Survival lay only in descent and after the tent was blown away into the night; they struggled downhill, often on all fours, in appalling conditions. Pete describes this epic situation forcefully in Sacred Summits (Pages 137-138) and only their combined resilience and experience allowed them to escape with their lives. Both Pete and Doug experienced frostbite trying to save the tent, while Georges was starting to suffer from snowblindness.
After an epic retreat down to Base Camp, the team set about recovering, and four days later on May 9th Joe, Pete, Doug and Georges all went back up to Camp 2. From there they made a concerted attempt to get to the summit, spending some recovery time at the Snow Cave at Camp 4 (24,500ft.). From there the summit was some two miles away with almost 4,000ft of ascent.

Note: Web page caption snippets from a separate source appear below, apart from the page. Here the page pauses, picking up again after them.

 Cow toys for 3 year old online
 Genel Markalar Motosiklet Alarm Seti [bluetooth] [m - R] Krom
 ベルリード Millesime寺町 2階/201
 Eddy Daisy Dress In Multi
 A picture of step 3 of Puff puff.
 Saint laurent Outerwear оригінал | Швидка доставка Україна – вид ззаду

On May 14th they set off for the summit but the strength of the wind, the cold and the difficulty of the route caused them to spend a day in a snow cave some 2,000ft below the summit. It was at this point that Georges decided to go down, deciding that he could go no further. While Georges descended, Joe, Pete and Doug set off for the summit spending the night of May 15th in a cave in a crevasse. On May 16th they set off early and after a struggle on a rock buttress led by Joe they pressed on and reached the summit of Kanchenjunga (at 28,208 ft.) at 4-45pm, with barely an hour of daylight left. They had an arduous descent in failing daylight to the crevasse cave, but reached it safely by 8pm in total darkness. The descent to Base Camp took them two days and they were then able to rest and recover after being the first people to climb the mountain from the north side. By May 29th the team were back in Kathmandu.

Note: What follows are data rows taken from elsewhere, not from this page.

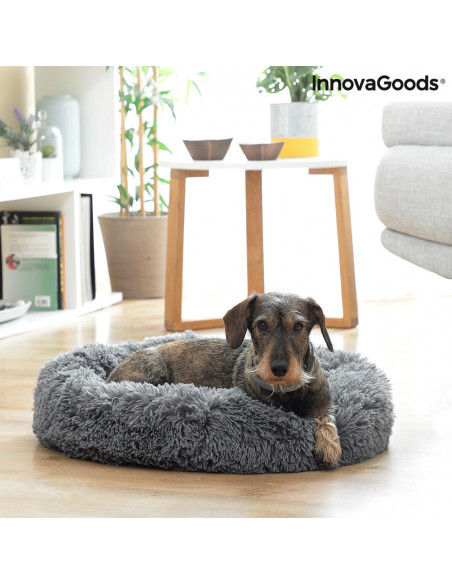 Anti-stress Pet Bed Bepess InnovaGoods Ø 60 cm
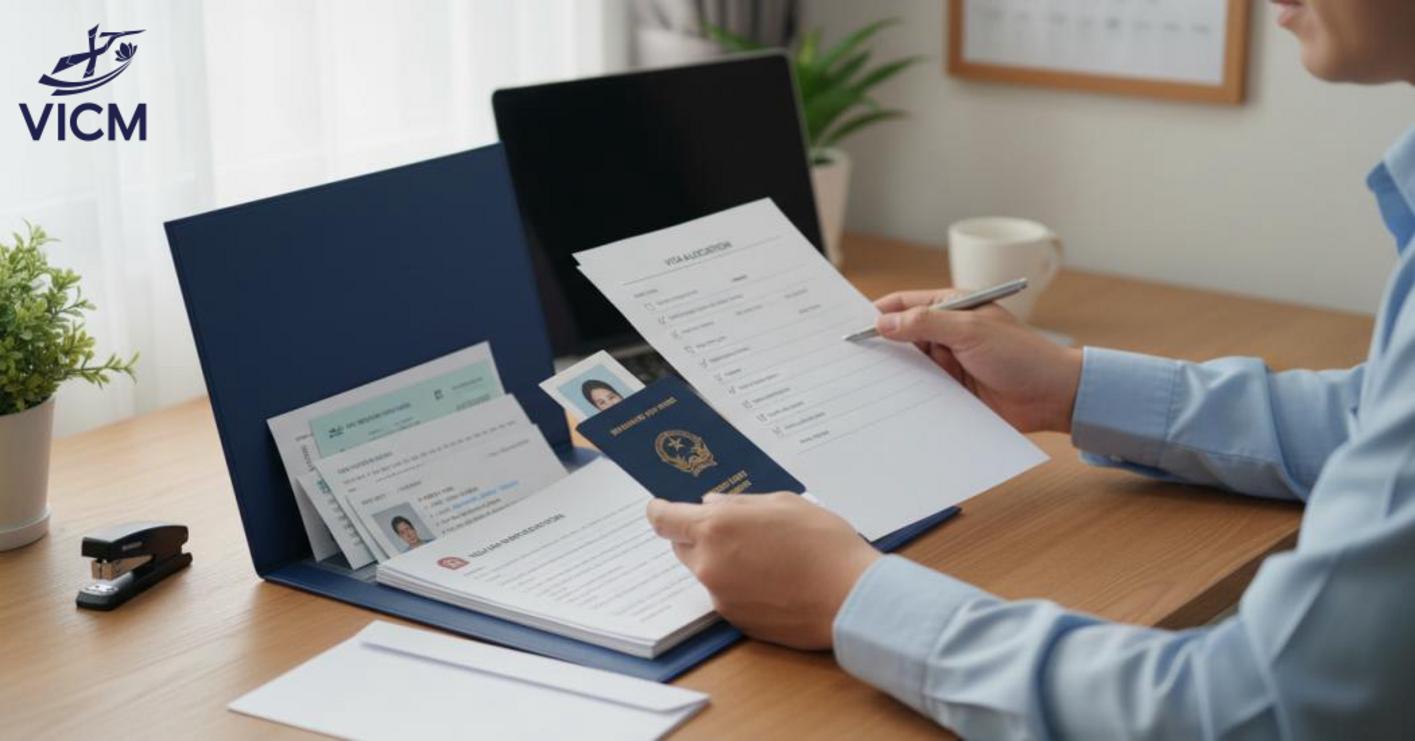 Chuẩn bị hồ sơ xin visa Hàn Quốc lần đầu như thế nào? Chuẩn bị hồ sơ xin visa Hàn Quốc lần đầu như thế nào?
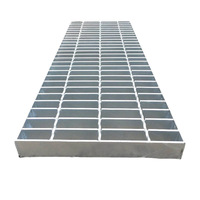 Grille de protection durable en acier inoxydable et acier galvanisé pour système de drainage au sol, résistante à l'eau et anti-corrosion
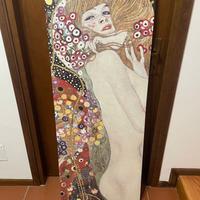 Stampa su tela “Bisce d'acqua II" di Gustav Klimt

Both Pete and Joe wrote extensive accounts of their Kangchenjunga adventures in their books:
Savage Arena Pages 159 - 213
Sacred Summits Pages 85 - 168
At present Doug is working on a history of climbing on Kangchenjunga to be published soon.
The ascent of the mountain by this difficult and dangerous route was, along with their ascent of the West face of Changabang, perhaps Joe and Pete’s finest achievement in the Himalayas. For Doug, the ascent of two of the ‘Big Three’ (Everest and Kanchenjunga) and both by new and difficult routes placed him at the forefront of high altitude mountaineering. Of the first nine people to climb Kangchenjunga, seven had been British.
A few words from Doug Scott, 40 years on from the Kangchenjunga ascent:
Three years after we climbed Kangchenjunga I was returning across Tibet from climbing Shishapangma when I heard the awful news from Charlie Clarke whom we met in Shigatse that Pete and Joe had disappeared on the North East ridge of Everest. It seemed unbelievable that two of Britain's strongest Himalayan climbers should have perished on Everest. They had, not only, on account of their great climbs but mainly through their literary abilities inspired a generation of climbers, Pete with his 'Shining Mountain' and Joe with his 'Savage Arena'.
It is entirely appropriate that they should be remembered today, for their climbs, their writing and the Boardman Tasker Award for Mountain Literature.